Would you transcribe the records below from the line with "45-я сессия Алтайского" to the line with "Встреча читать краткое", ends included, exactly and with nothing more, leaving the pictures out?

Provided records below:

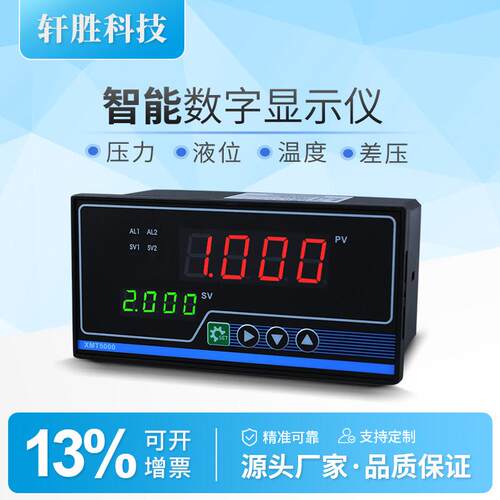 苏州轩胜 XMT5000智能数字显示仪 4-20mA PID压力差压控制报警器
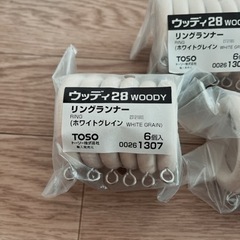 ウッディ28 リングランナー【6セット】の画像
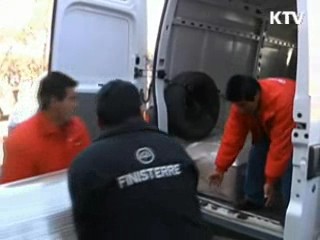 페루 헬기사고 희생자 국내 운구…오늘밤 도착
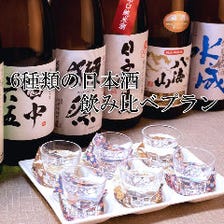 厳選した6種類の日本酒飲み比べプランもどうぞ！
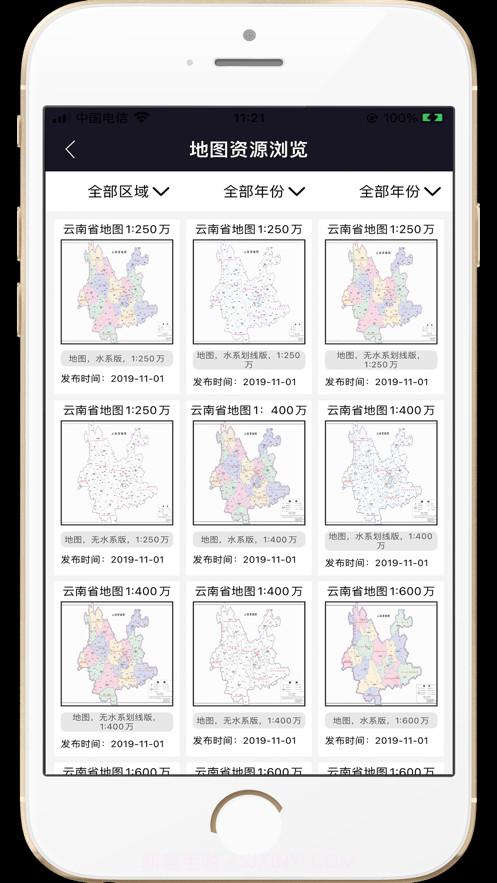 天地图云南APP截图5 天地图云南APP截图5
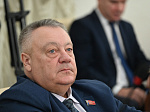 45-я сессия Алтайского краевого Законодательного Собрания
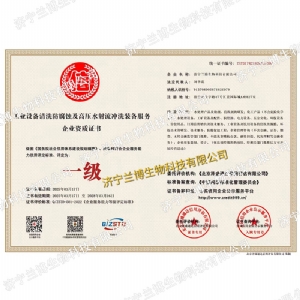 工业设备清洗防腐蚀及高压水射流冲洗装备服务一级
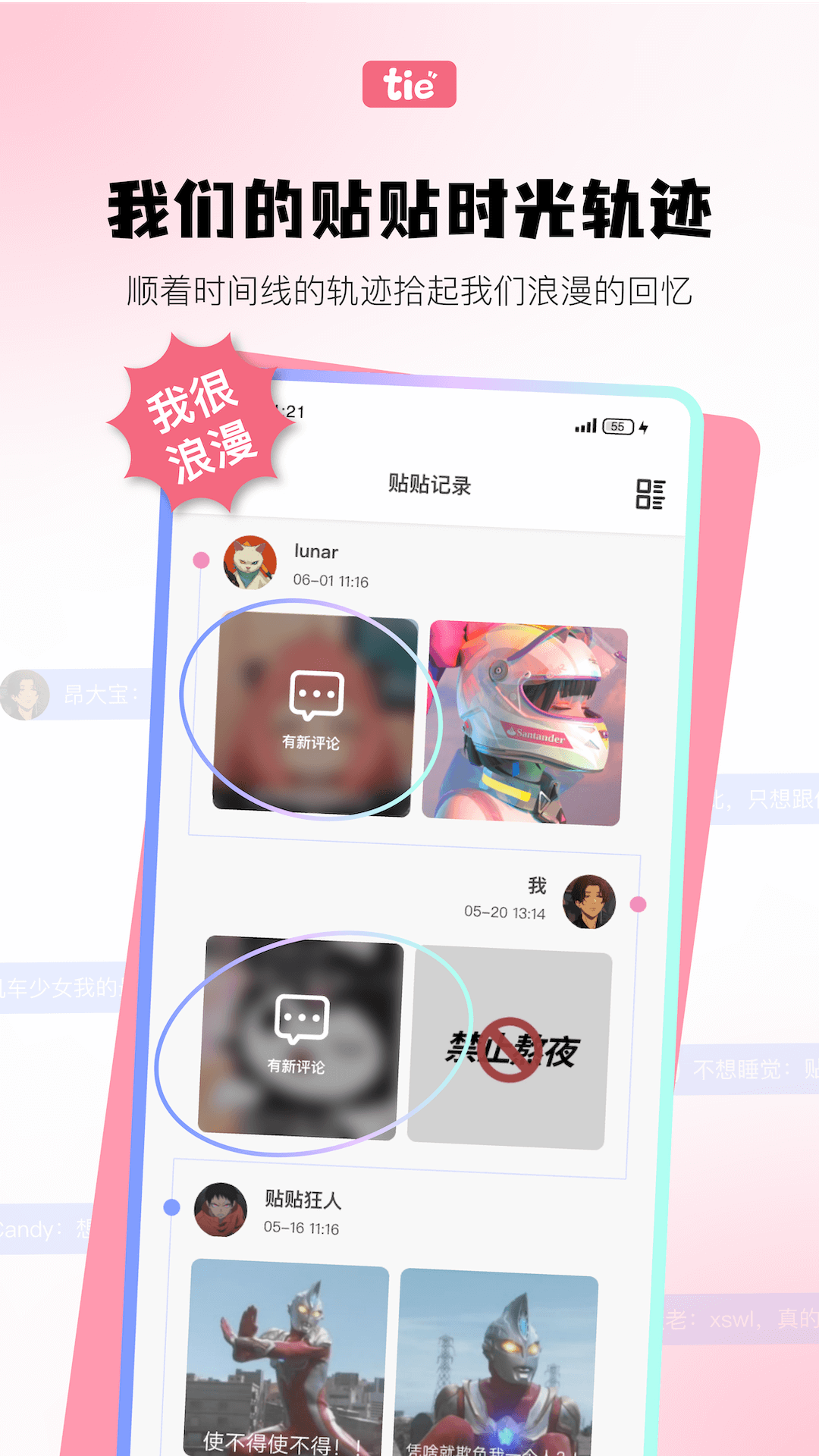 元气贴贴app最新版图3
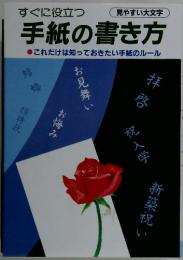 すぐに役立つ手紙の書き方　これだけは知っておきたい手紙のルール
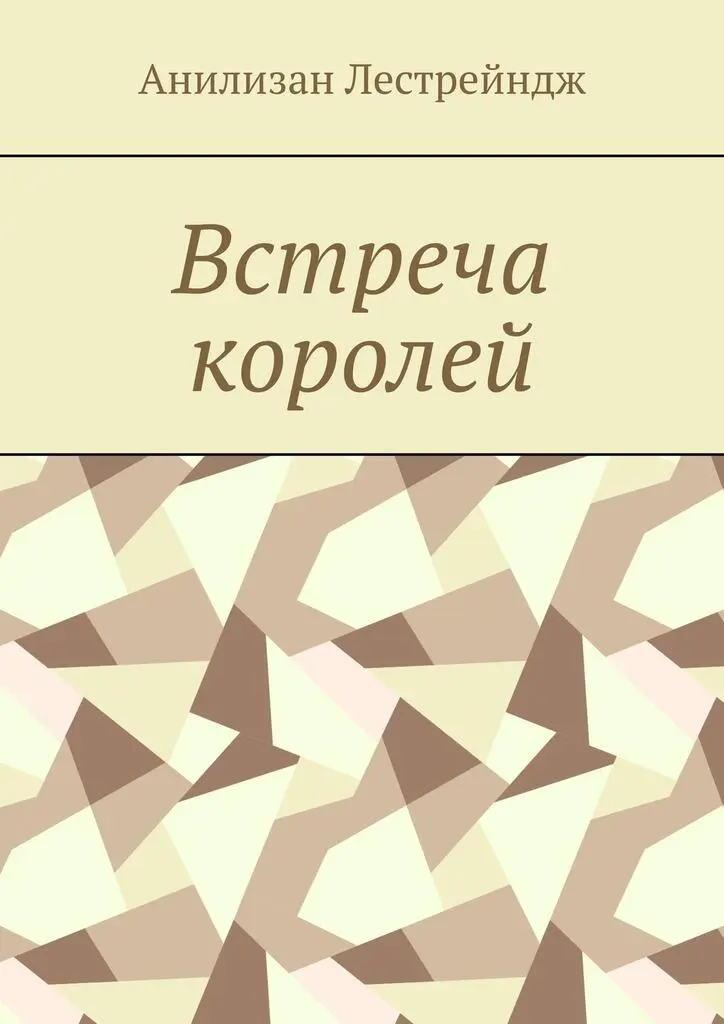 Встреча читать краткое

End of Provided records.
Provided records below:

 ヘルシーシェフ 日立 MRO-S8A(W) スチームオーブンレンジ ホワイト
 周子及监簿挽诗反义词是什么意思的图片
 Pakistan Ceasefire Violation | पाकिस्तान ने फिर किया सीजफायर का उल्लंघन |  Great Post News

End of Provided records.
Provided records below:

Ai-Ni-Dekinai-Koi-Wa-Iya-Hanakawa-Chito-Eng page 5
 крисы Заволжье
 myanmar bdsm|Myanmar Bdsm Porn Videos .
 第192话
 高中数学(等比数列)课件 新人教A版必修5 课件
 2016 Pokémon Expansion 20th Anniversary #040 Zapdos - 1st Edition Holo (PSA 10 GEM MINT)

End of Provided records.

- Solved exercise:
 45-я сессия Алтайского краевого Законодательного Собрания
 工业设备清洗防腐蚀及高压水射流冲洗装备服务一级
 元气贴贴app最新版图3
 すぐに役立つ手紙の書き方　これだけは知っておきたい手紙のルール
 Встреча читать краткое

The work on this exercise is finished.